Biography of Sergey Gorshkov

Sergey Gorshkov

Born: 26 February 1910
Birth Place: Kamenets-Podolski, Ukraine
Death: 13 May 1988
Nationality: Russian

Although born in the Ukraine he was a Russian by nationality.

He joined the Soviet Navy in 1927 and graduated from the Frunze Naval Academy in 1931.
As a junior officer and a non party member he escaped the Great Purge initiated by Stalin in the second half of the 1930s. It in fact benefited him as he advanced more quickly through the ranks as the executions removed more senior officers. Befiore the beginning of the Second World War he saw commmand service in the Black Sea and Far East where he gained an expertise in minelaying and minesweeping.

During the Second World War he distinguished himself in landings on the Kerch Peninsula. He also held temporary commmand of army troops in the Caucasus. By the end of the war he commanded a destroyer squadron in the Black Sea.

He had joined the Communist party in 1942 and this together with his experience saw him promoted to Rear Admiral. After the war he became the commander in chief of the Black Sea Fleet. He remained in this post until 1955 when Nikita Khrushchev named him first deputy commander in chief of the navy. In January 1956 he assumed the command of the Soviet Navy.

This was, however, a lean period for the Soviet Navy. Khrushchev placed the importance and expansion of nuclear missile forces above everything else in the military budget. Gorshkov saw spending on warships shrink by 60%.

By the early 1960s senior military commanders had forced a re-evaluation of this over-dependence. They demanded, and got, a more balanced Soviet military structure. Gorshkov favoured submarines, initially to operate against NATO ships but also as nuclear ballistic missile carriers. His vision was for a navy that could operate far from Russian territorial waters and challenge the West on the high seas – he wanted, and intended to acquire, a true ‘blue water’ navy.

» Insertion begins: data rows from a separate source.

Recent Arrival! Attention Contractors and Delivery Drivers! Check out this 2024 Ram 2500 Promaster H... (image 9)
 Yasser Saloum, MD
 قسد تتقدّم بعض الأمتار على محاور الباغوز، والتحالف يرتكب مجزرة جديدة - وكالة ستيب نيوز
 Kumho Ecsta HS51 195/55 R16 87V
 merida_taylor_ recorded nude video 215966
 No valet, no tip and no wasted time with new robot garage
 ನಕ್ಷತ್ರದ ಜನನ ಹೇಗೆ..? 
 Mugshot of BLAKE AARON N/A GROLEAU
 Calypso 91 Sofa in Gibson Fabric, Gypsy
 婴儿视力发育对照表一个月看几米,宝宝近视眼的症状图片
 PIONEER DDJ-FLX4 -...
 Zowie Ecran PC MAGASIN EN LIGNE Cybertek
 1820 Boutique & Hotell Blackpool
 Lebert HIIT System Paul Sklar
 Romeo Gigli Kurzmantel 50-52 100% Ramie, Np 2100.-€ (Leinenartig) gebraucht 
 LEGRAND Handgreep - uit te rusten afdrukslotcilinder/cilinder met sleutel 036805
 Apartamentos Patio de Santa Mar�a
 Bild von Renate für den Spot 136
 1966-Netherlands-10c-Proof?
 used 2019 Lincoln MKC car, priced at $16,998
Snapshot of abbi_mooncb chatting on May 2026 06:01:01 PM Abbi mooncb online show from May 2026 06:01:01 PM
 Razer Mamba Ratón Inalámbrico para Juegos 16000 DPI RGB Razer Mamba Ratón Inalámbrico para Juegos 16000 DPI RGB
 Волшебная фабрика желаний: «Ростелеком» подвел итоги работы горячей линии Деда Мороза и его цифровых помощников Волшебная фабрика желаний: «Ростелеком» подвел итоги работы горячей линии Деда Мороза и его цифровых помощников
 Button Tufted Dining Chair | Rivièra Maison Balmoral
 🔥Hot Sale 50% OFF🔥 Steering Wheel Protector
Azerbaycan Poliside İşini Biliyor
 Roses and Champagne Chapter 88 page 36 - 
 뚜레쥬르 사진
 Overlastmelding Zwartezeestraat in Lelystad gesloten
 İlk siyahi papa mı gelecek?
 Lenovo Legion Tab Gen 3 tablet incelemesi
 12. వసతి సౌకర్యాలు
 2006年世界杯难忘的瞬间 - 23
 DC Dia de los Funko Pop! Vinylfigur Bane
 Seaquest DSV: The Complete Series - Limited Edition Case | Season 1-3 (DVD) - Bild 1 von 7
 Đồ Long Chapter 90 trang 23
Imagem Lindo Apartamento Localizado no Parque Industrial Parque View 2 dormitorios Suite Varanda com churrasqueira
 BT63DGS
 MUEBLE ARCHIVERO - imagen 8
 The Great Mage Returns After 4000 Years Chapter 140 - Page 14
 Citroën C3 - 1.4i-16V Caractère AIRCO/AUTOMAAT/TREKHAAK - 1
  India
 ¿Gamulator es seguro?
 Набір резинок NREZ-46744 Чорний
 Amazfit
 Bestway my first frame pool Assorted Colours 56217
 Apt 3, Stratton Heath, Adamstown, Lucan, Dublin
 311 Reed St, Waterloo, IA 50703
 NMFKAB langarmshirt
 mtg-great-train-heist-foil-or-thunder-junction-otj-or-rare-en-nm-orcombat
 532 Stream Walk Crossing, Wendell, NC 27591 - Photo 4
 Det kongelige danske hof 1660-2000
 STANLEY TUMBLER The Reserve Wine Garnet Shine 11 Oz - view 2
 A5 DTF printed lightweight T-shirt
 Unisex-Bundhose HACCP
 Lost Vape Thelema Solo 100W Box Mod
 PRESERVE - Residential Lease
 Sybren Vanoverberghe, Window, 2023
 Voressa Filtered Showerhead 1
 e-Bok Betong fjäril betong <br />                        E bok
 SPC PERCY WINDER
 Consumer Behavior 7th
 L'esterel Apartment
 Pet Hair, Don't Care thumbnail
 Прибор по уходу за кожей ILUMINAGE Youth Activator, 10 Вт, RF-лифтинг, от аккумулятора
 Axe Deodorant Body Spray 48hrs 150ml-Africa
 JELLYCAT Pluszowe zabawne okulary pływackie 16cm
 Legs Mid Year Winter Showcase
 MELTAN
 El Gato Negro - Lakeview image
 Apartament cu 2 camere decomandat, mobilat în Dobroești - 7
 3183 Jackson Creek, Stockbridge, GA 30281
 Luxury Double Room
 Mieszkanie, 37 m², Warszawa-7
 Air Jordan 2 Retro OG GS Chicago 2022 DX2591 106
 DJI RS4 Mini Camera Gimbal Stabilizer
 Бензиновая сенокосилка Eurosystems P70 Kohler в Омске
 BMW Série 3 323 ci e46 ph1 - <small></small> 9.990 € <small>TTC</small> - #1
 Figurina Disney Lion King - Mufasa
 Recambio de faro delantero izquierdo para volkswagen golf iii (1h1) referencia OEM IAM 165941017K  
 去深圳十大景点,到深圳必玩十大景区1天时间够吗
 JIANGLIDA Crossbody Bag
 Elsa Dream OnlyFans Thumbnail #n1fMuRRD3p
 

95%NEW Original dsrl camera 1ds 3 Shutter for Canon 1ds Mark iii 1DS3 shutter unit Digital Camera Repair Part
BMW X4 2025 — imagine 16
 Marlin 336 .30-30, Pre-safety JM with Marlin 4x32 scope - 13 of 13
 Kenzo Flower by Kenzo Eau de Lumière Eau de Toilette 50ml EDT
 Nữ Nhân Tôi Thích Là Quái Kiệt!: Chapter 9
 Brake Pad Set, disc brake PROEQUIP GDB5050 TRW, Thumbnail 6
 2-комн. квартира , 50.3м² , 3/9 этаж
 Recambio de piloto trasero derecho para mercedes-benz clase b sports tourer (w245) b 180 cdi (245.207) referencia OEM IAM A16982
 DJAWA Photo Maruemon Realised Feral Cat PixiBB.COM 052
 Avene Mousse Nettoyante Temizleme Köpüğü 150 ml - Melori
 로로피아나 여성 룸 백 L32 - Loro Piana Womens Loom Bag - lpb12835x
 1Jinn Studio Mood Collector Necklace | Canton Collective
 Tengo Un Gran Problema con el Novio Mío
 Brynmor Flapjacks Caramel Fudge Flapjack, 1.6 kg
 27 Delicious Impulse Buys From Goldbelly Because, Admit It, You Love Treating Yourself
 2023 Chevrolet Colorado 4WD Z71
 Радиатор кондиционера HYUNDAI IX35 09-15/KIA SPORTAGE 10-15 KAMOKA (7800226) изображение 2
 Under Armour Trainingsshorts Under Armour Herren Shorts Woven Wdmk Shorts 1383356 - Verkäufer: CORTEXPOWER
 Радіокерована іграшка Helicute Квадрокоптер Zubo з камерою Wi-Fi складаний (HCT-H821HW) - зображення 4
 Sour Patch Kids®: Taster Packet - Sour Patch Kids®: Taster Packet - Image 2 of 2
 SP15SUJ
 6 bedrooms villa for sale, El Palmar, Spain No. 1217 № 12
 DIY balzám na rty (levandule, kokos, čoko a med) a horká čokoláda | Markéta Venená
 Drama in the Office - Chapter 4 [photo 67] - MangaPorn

Under Leonid Brezhnev in the 1970s he, himself, argued for a more balanced navy. The political leadership agreed and a massive building programme was put in place to provide not only a large submarine force but the logistical support fleet needed to sustain it. Gorshkov also saw the need for an expansion of the surface fleet to allow the extension of Soviet conventional power. He felt the Soviet Navy should be able to conduct strategic operations, anti-submarine warfare, transport amphibious troops and be supported by a growing number of aircraft and helicopters.

This new and much expanded navy was able to project Soviet power to the Third World and challenge NATO in areas where it had previously had free demain.

When he retired in 1985 he had, by and large, obtained the ships he needed and the navy he wanted – the Soviet Union was a major nautical power. He died in Moscow three years later.

Quotes

The most difficult thing about planning against the Americans, is that they do not read their own doctrine, and they would feel no particular obligation to follow it if they did.

You Americans do not realize what formidable warships you have in these four battleships. We have concluded after careful analysis that these magnificent ships are in fact the most to be feared in your entire naval arsenal. When engaged in combat we could throw everything we have at those ships and all our firepower would bounce off or be of little effect. Then when we are exhausted, we will detect you coming over the horizon and then you will sink us.